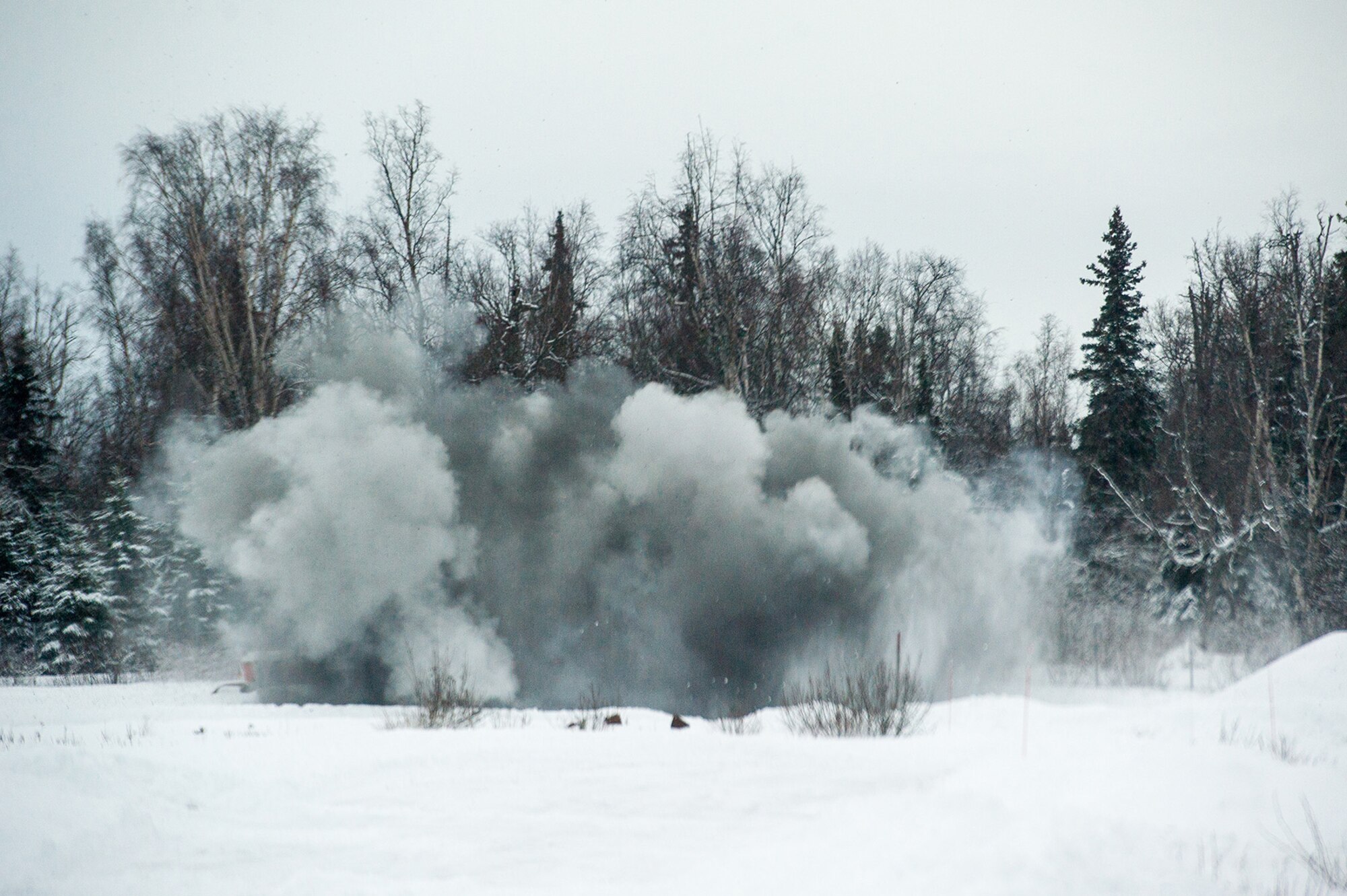 Explosive charges detonate throwing snow and debris into the air as Airmen assigned to the 673d Civil Engineer Squadron, Explosives Ordinance Disposal Flight, conduct a live-fire demolitions exercise in Mission Oriented Protective Posture 4 on Joint Base Elmendorf-Richardson, Alaska, Feb.14, 2018.  The Airmen were conducting EOD training in a simulated chemical weapons contaminated environment.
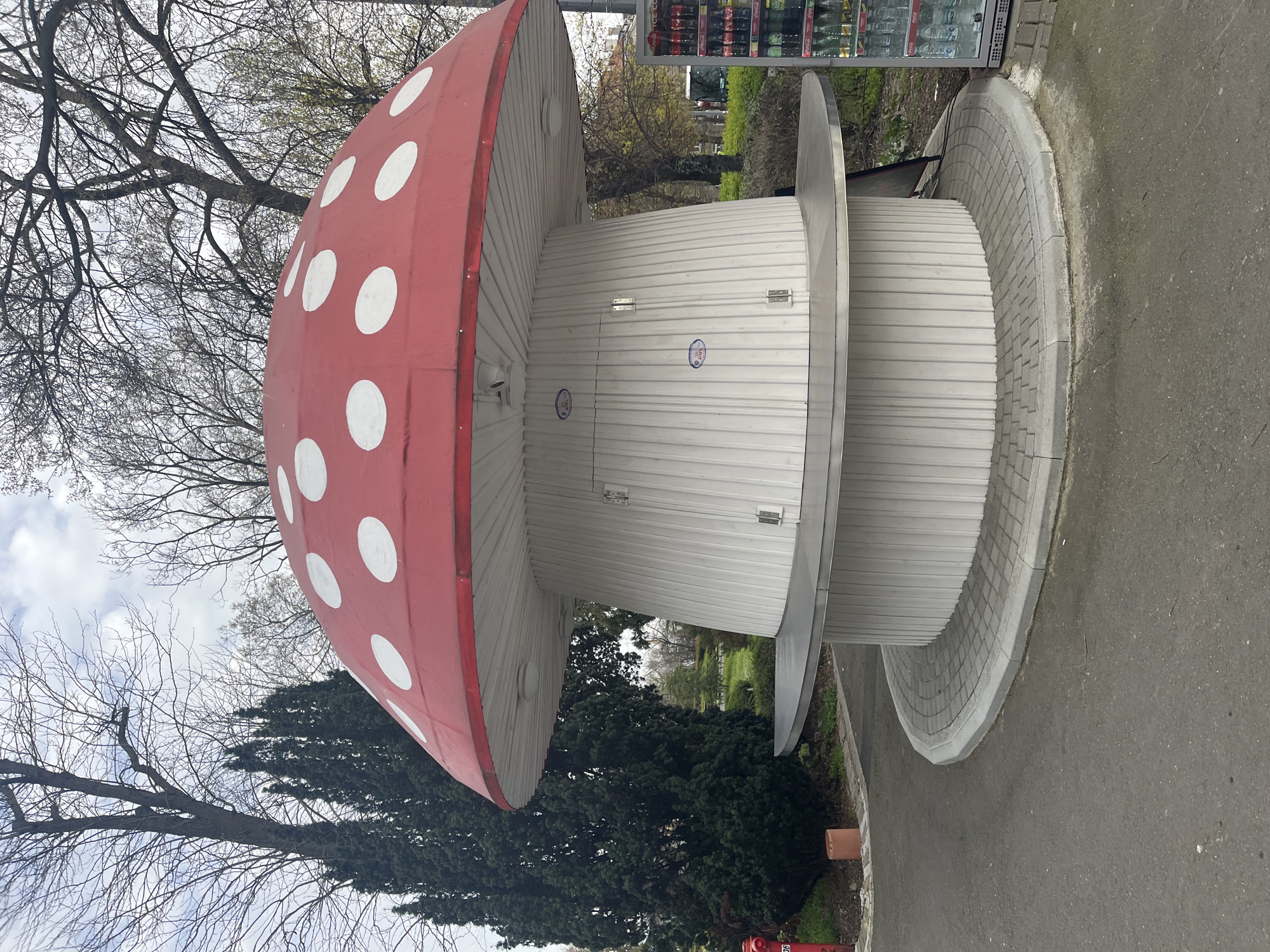 The image depicts a large mushroom-shaped structure, likely a public toilet, with a red cap adorned with white spots. The stem is white with horizontal panels. There are two levels on the mushroom stem. The structure sits on a concrete base with a decorative brick edge. The surrounding environment includes trees, grass, and a paved area. A soda vending machine is visible in the background. The location is likely the Sea Garden in Burgas, Bulgaria. No people are visible.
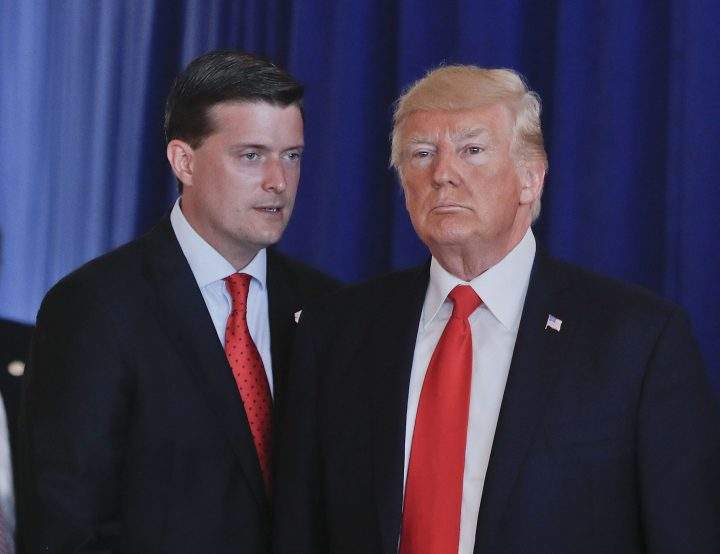 In this Aug. 12, 2017, photo, Rob Porter, left, White House Staff Secretary, speaks to President Donald Trump after Trump made remarks regarding the ongoing situation in Charlottesville, Va., at Trump National Golf Club in Bedminister, N.J. 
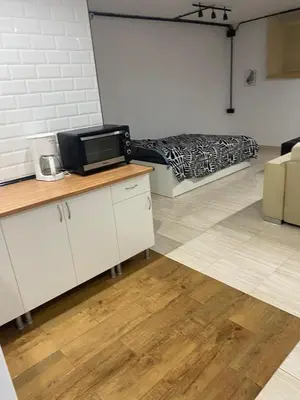 a room with a bed in the corner of a room at MiaEle in Sanlúcar de Barrameda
☆ ☆ ☆
» WHAT YOU NEED TO DO
Set down word for word each line from the one containing "The image depicts" through the end of the material, and keep the pictures out of it.

» COMPLETED TASK
 The image depicts a large mushroom-shaped structure, likely a public toilet, with a red cap adorned with white spots. The stem is white with horizontal panels. There are two levels on the mushroom stem. The structure sits on a concrete base with a decorative brick edge. The surrounding environment includes trees, grass, and a paved area. A soda vending machine is visible in the background. The location is likely the Sea Garden in Burgas, Bulgaria. No people are visible.
 In this Aug. 12, 2017, photo, Rob Porter, left, White House Staff Secretary, speaks to President Donald Trump after Trump made remarks regarding the ongoing situation in Charlottesville, Va., at Trump National Golf Club in Bedminister, N.J. 
 a room with a bed in the corner of a room at MiaEle in Sanlúcar de Barrameda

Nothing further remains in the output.